Chapter-by-Chapter Analysis
The Illusion of Normal
Keynes opens by warning that Europeans mistook a temporary, fragile prosperity for permanent order. England spends as if nothing changed while continental Europe convulses, and Paris negotiators treat world-shaping decisions like theater.
“We assume some of the most peculiar and temporary of our late advantages as natural, permanent, and to be depended on.”
Key Insight
Comfort breeds blindness. When your immediate world feels stable, you stop seeing the systems that could collapse. Long-term thinking starts by asking what you are treating as permanent that is actually borrowed time.

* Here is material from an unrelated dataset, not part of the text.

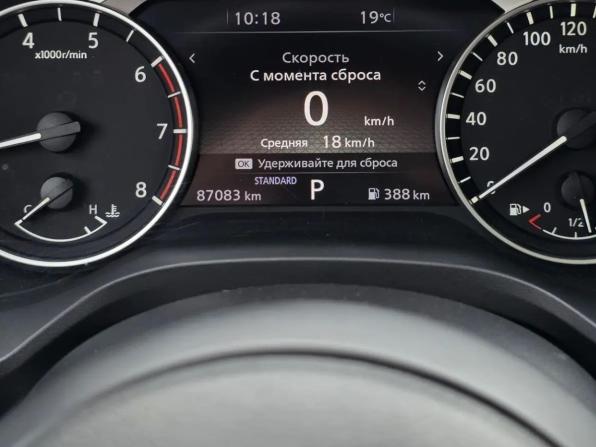 Nissan X-Trail IV с пробегом 2021 года, цена 2 900 000 рублей, 87083 км, внедорожник, Автокод Объявления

The Golden Age That Couldn't Last
Keynes reconstructs pre-1914 Europe as an unprecedented economic miracle built on global trade, population growth, and institutional habits that could not survive the war. The golden age looked solid because nobody remembered how unusual it was.
Key Insight
Golden ages often hide structural fragility. When growth depends on open borders, cheap food, and trust between nations, a single shock can unwind decades of progress faster than leaders expect.
Europe After the Treaty
With the treaty signed, Keynes surveys a continent where trade routes are broken, currencies are unstable, and millions depend on imports their economies can no longer finance. Short-term victory has purchased long-term disorder.
Key Insight
Second-order consequences arrive slowly, then all at once. A settlement that feels like closure in Paris can become starvation, inflation, and political extremism across Europe within a few years.